「おいっ、」
そんな声がして、私の目の前にいた浜野くんの体が傾ぐ。
驚いて見上げた視界に映ったのは、不機嫌そうに眉を寄せる東条くんの顔。
そのすぐ傍には山見さんの姿もあった。
「結城……」
浜野くんの肩を掴んだ東条くんの視線が私へと向けられて、そして一瞬息をのんだのが分かった。

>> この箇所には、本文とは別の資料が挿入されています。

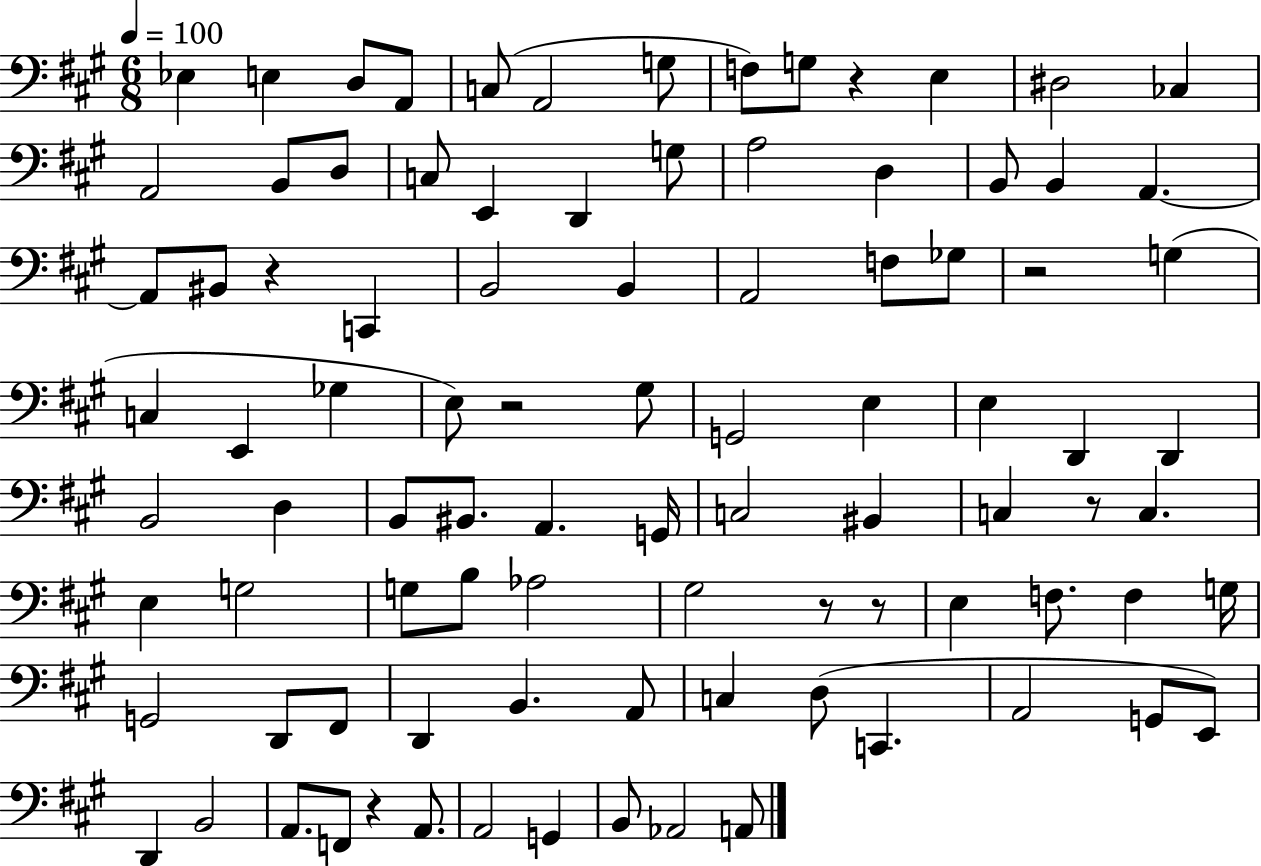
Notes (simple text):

Eb3/q E3/q D3/e A2/e C3/e A2/h G3/e F3/e G3/e R/q E3/q D#3/h CES3/q A2/h B2/e D3/e C3/e E2/q D2/q G3/e A3/h D3/q B2/e B2/q A2/q. A2/e BIS2/e R/q C2/q B2/h B2/q A2/h F3/e Gb3/e R/h G3/q C3/q E2/q Gb3/q E3/e R/h G#3/e G2/h E3/q E3/q D2/q D2/q B2/h D3/q B2/e BIS2/e. A2/q. G2/s C3/h BIS2/q C3/q R/e C3/q. E3/q G3/h G3/e B3/e Ab3/h G#3/h R/e R/e E3/q F3/e. F3/q G3/s G2/h D2/e F#2/e D2/q B2/q. A2/e C3/q D3/e C2/q. A2/h G2/e E2/e D2/q B2/h A2/e. F2/e R/q A2/e. A2/h G2/q B2/e Ab2/h A2/e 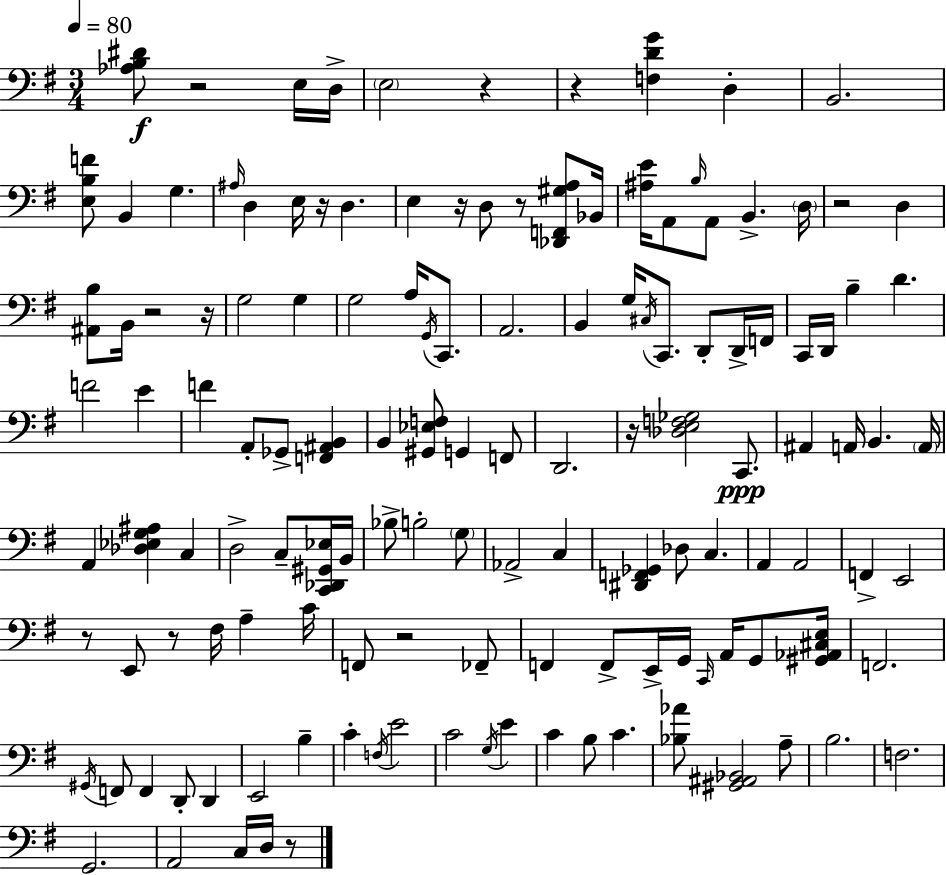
X:1
T:Untitled
M:3/4
L:1/4
K:Em
[_A,B,^D]/2 z2 E,/4 D,/4 E,2 z z [F,DG] D, B,,2 [E,B,F]/2 B,, G, ^A,/4 D, E,/4 z/4 D, E, z/4 D,/2 z/2 [_D,,F,,^G,A,]/2 _B,,/4 [^A,E]/4 A,,/2 B,/4 A,,/2 B,, D,/4 z2 D, [^A,,B,]/2 B,,/4 z2 z/4 G,2 G, G,2 A,/4 G,,/4 C,,/2 A,,2 B,, G,/4 ^C,/4 C,,/2 D,,/2 D,,/4 F,,/4 C,,/4 D,,/4 B, D F2 E F A,,/2 _G,,/2 [F,,^A,,B,,] B,, [^G,,_E,F,]/2 G,, F,,/2 D,,2 z/4 [_D,E,F,_G,]2 C,,/2 ^A,, A,,/4 B,, A,,/4 A,, [_D,_E,G,^A,] C, D,2 C,/2 [C,,_D,,^G,,_E,]/4 B,,/4 _B,/2 B,2 G,/2 _A,,2 C, [^D,,F,,_G,,] _D,/2 C, A,, A,,2 F,, E,,2 z/2 E,,/2 z/2 ^F,/4 A, C/4 F,,/2 z2 _F,,/2 F,, F,,/2 E,,/4 G,,/4 C,,/4 A,,/4 G,,/2 [^G,,_A,,^C,E,]/4 F,,2 ^G,,/4 F,,/2 F,, D,,/2 D,, E,,2 B, C F,/4 E2 C2 G,/4 E C B,/2 C [_B,_A]/2 [^G,,^A,,_B,,]2 A,/2 B,2 F,2 G,,2 A,,2 C,/4 D,/4 z/2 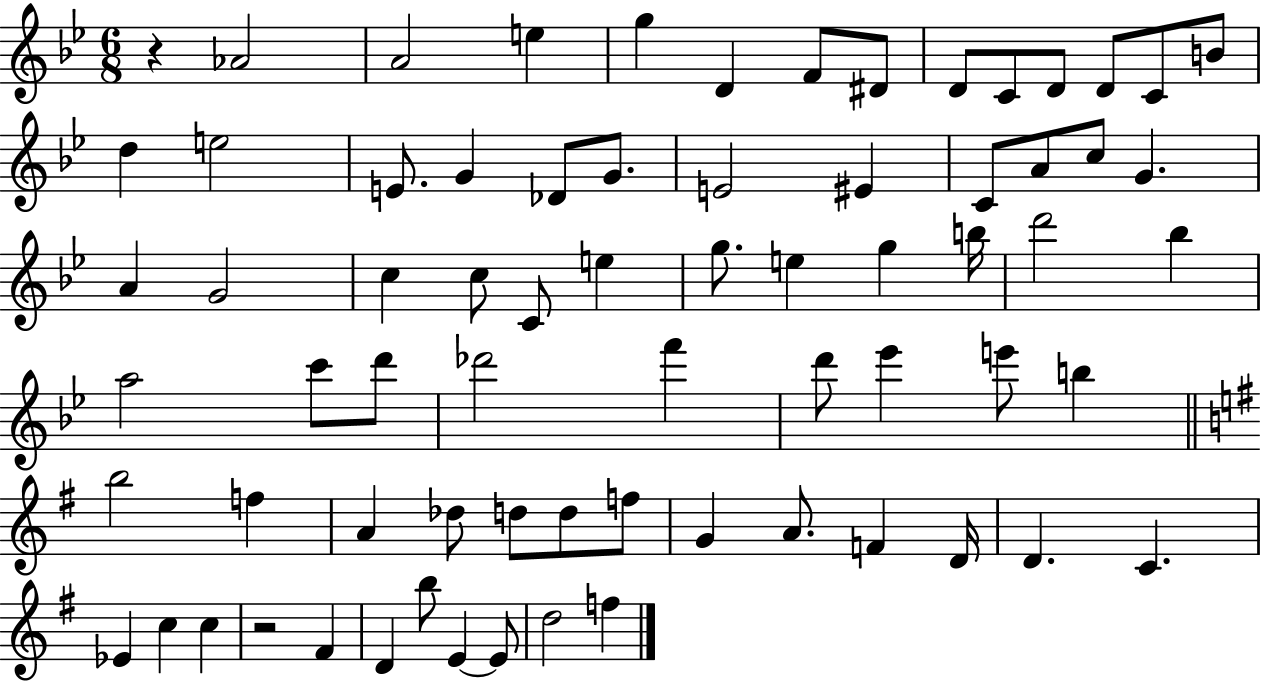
{
  \clef treble
  \numericTimeSignature
  \time 6/8
  \key bes \major
  r4 aes'2 | a'2 e''4 | g''4 d'4 f'8 dis'8 | d'8 c'8 d'8 d'8 c'8 b'8 | \break d''4 e''2 | e'8. g'4 des'8 g'8. | e'2 eis'4 | c'8 a'8 c''8 g'4. | \break a'4 g'2 | c''4 c''8 c'8 e''4 | g''8. e''4 g''4 b''16 | d'''2 bes''4 | \break a''2 c'''8 d'''8 | des'''2 f'''4 | d'''8 ees'''4 e'''8 b''4 | \bar "||" \break \key g \major b''2 f''4 | a'4 des''8 d''8 d''8 f''8 | g'4 a'8. f'4 d'16 | d'4. c'4. | \break ees'4 c''4 c''4 | r2 fis'4 | d'4 b''8 e'4~~ e'8 | d''2 f''4 | \break \bar "|."
} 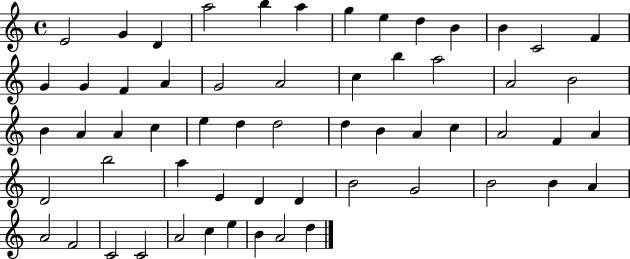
X:1
T:Untitled
M:4/4
L:1/4
K:C
E2 G D a2 b a g e d B B C2 F G G F A G2 A2 c b a2 A2 B2 B A A c e d d2 d B A c A2 F A D2 b2 a E D D B2 G2 B2 B A A2 F2 C2 C2 A2 c e B A2 d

その彼の様子に、自分が泣き顔を晒していたことを思い出して、慌てて顔を逸らして涙を拭う。
「……っ、浜野おまえ……」
怒気を含んだ声音と、浜野くんの体がいきなり動いたことで私は驚いて顔を上げた。
目の前には、浜野くんの胸倉を掴む東条くんの姿があって、慌てて「待って!」と声を上げる。
「結城?」
「東条くん、どうしたの?いきなりこんなこと……」
東条くんの態度の意味が分からず、浜野くんへと伸びた彼の腕を掴んだ。
「泣いてるからだろ!」
「え?」
「結城が泣いてて、浜野が傍にいたら、コイツがなんかしたのかって思うだろ、普通」
心配してくれたんだって、そう思ったらこんな状況なのに、驚くのと同時になんだかすごく嬉しいと思ってしまった。
「誤解、だから」
東条くんの腕を逆に掴んで、浜野くんはあえてゆっくりと言葉にする。
私も同意する形で頷くと、東条くんは渋々浜野くんから手を離した。
「誤解?」
「ゴミ!」
「は?」
「目にゴミが入っちゃって……だから、浜野くんはなにもしてない」
私の言葉を聞きながら、東条くんはなんだか解せないって表情をしつつも、「そうなんだ」と言って浜野くんへ素直に謝った。
なんだか微妙な沈黙が流れる。
東条くんの隣には山見さんがいて、私をあえて無視しているのか視線も合わない。
私もどこを見ていいのか分からず、迷子の視線は足元へと落ちた。
「……イルカのショー始まるから、見にいこーぜ」
気まずい沈黙を破ったのは、東条くんだった。
「おぅ」
「うん」
何となくみんなで同意して、イルカショーが行われる屋外へと歩き始める。
私の隣には浜野くんが。そして私達の前を東条くんと山見さんが並んで歩いている。
前を歩く二人も、浜野くんと私も、誰も何もしゃべらない。空気だけがどんよりと重たくて、水槽の中を優雅に泳いでいる魚たちの方がずっと自由だと感じてしまう。
夏休みとあって、イルカショーがある屋外の席はあっという間に満席になっていく。
みんなで一緒に見たかったなと思いつつ視線を巡らせれば、最前席にさなちゃん達の姿が見えて、偶然目が合った彼女が手を振るのを見て私もそれに返した。